The task:
Provide the material again, with every line intact and exact.
(Data Opens)
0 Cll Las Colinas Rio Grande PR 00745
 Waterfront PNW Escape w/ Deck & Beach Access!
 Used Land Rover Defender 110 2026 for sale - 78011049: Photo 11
(Data Closes)
Finished exercise:
0 Cll Las Colinas Rio Grande PR 00745
 Waterfront PNW Escape w/ Deck & Beach Access!
 Used Land Rover Defender 110 2026 for sale - 78011049: Photo 11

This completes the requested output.